### [EXERCISE]
In the entries below, find the line with "Exterior view of" and the line with "1333 Tower Lane NE Cedar Rapids IA 52402"; reproduce those two lines and all lines between them exactly, without pictures.

### [RECORDED INFORMATION]
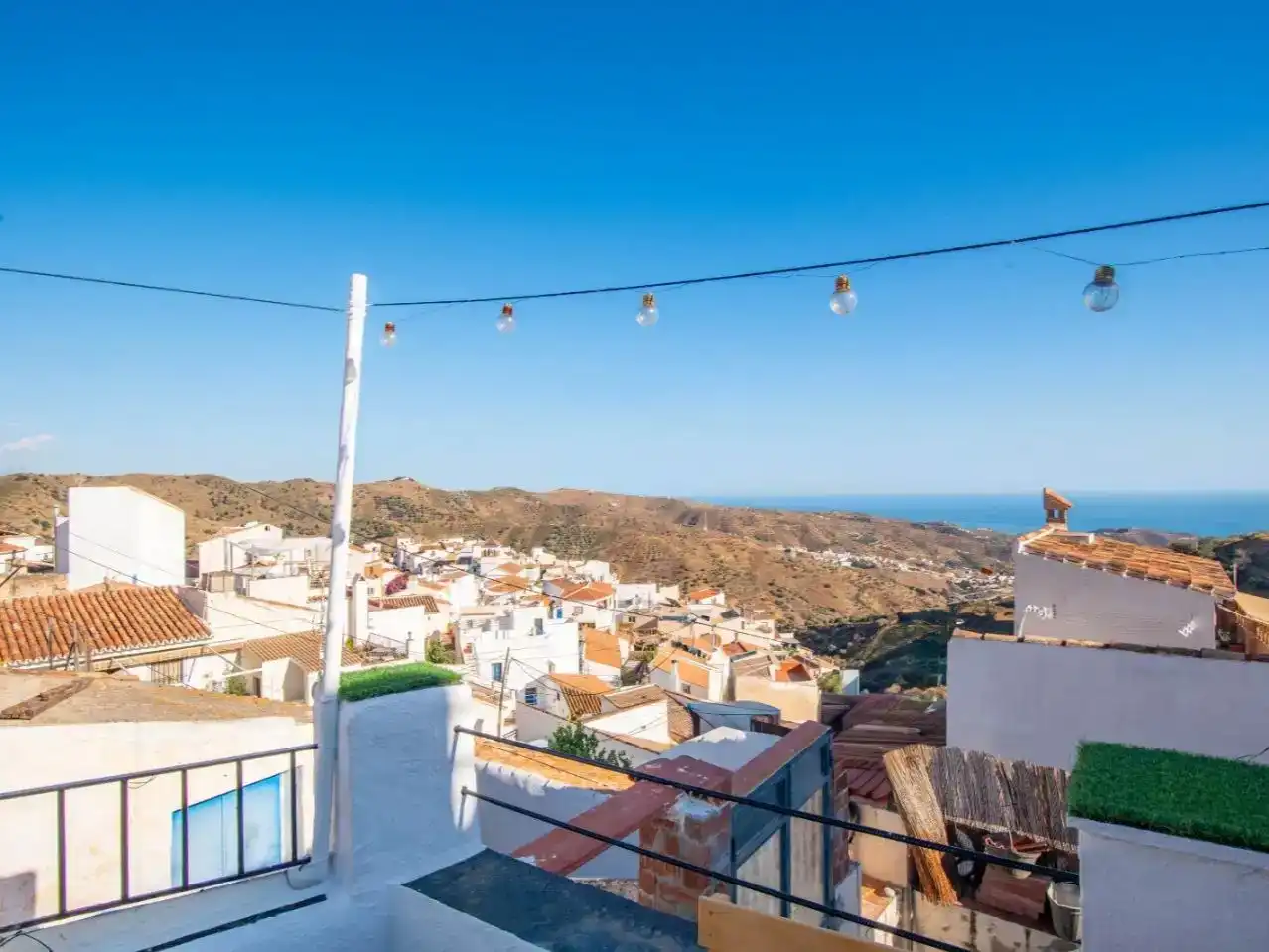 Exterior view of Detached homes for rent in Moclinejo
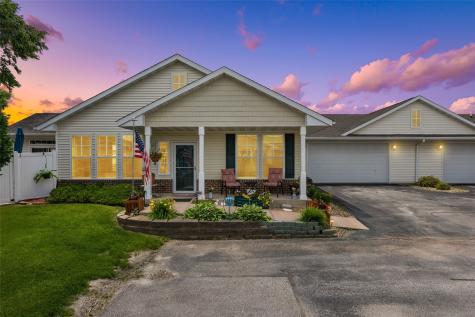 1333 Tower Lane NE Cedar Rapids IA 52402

---

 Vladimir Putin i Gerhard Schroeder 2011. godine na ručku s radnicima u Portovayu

### [RESPONSE AREA]
 Exterior view of Detached homes for rent in Moclinejo
 1333 Tower Lane NE Cedar Rapids IA 52402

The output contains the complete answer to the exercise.